# getaddrinfo() fails, gethostbyname() works [SOLVED]

## alex.blackbit

hi,

since a few days i am experiencing a weird networking problem.

from sites on the internet i cannot my home network (domain xx.vu) with my laptop with _some_ applications.

e.g. ping, host, ... work, ssh does not work (temporary failure in name resolution).

i traced the problem down to the library calls.

the apps that work use gethostbyname, those who don't work use getaddrinfo.

i verified that with simple demo programs. getaddrinfo("xx.vu", NULL, NULL, &result) returns "Temporary failure in name resolution".

From other computers these tests succeed, so i assume it's not the fault of my dns server.

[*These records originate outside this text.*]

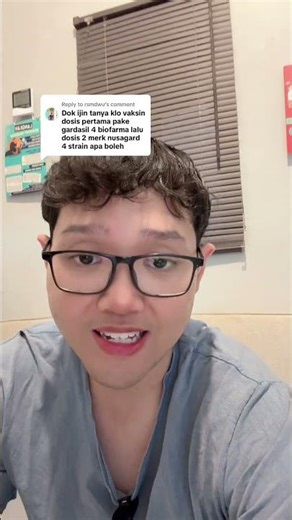 The first HPV vaccine is Gardasil 4, the second one can be another?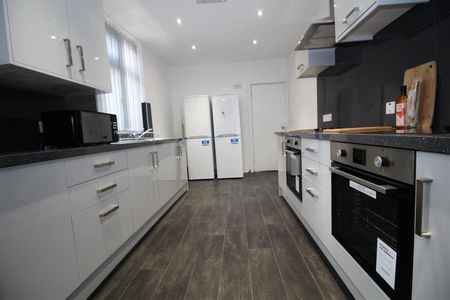 26 Brazil Street, Leicester, Leicestershire, LE2 7JA - Photo 4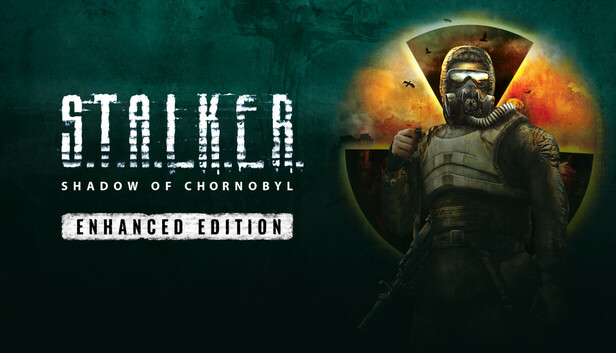S.T.A.L.K.E.R. Shadow of Chornobyl - Enhanced Edition Pre-Installed Steamunderground.net
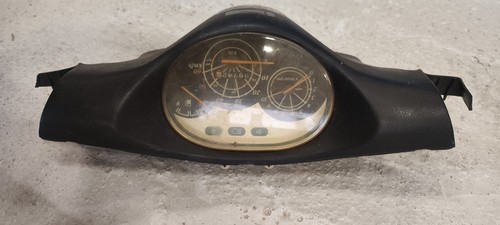 Flex tech hurrican tacho - 4t,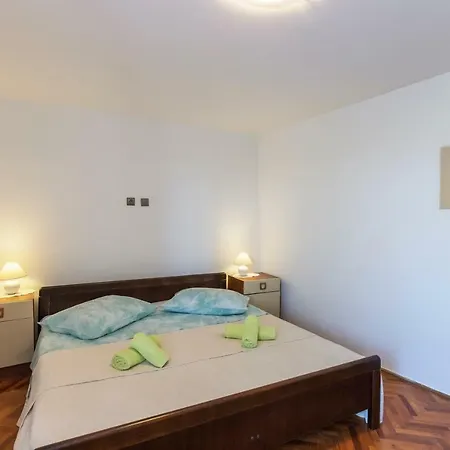 Apartment Ban Liznjan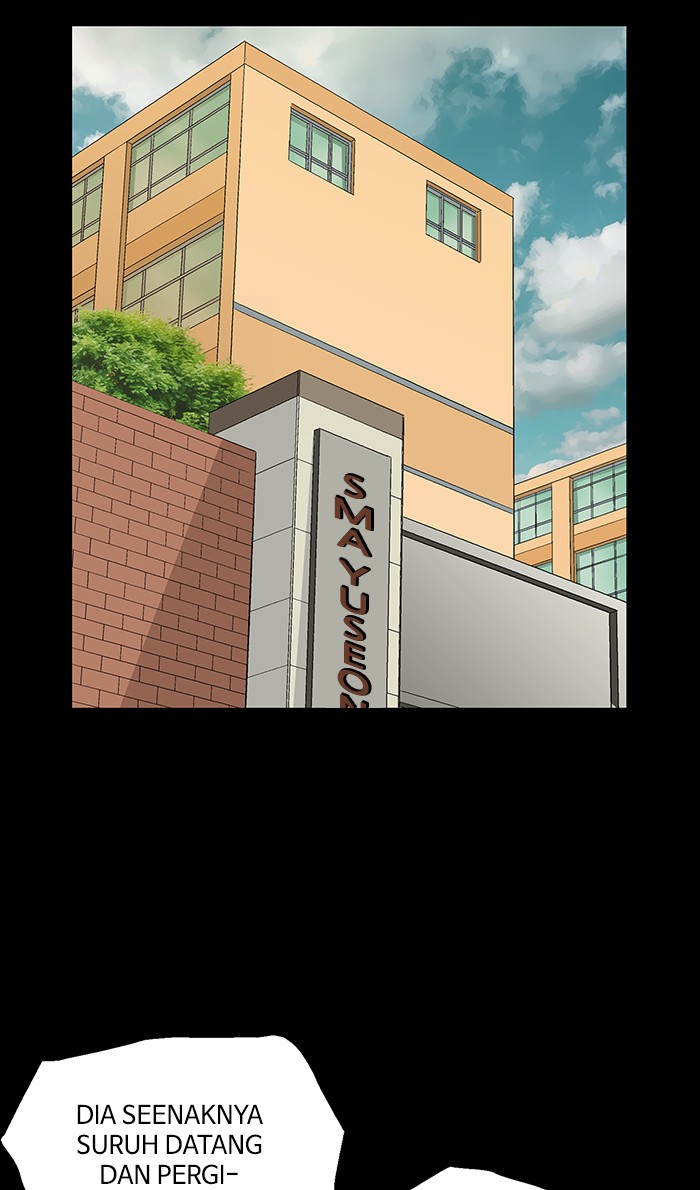 Weak Hero Chapter 104 Gambar 47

i will be very thankful for any ideas.

thanks in advance.

EDIT: it seems this has something to do with this.

i'll report back when i got a chance to test this patch.

EDIT: the patch does nothing for me.Last edited by alex.blackbit on Mon May 31, 2010 9:23 am; edited 1 time in total

----------

## gerdesj

You don't give much to go on here believe it or not!  You say that name resolution is broken in some way.  

Please give some more information: 

Distro, version? 

Do you have IPv6 enabled? 

Which DNS server are you using (local or remote)?

Cheers

Jon

----------

## alex.blackbit

sorry for the late reply.

the problem disappeared.

unfortunately i have no clue why. i did not make any changes to the system since the error report, i was not even touching the laptop, because i was traveling.

anyway, thanks for the help.

----------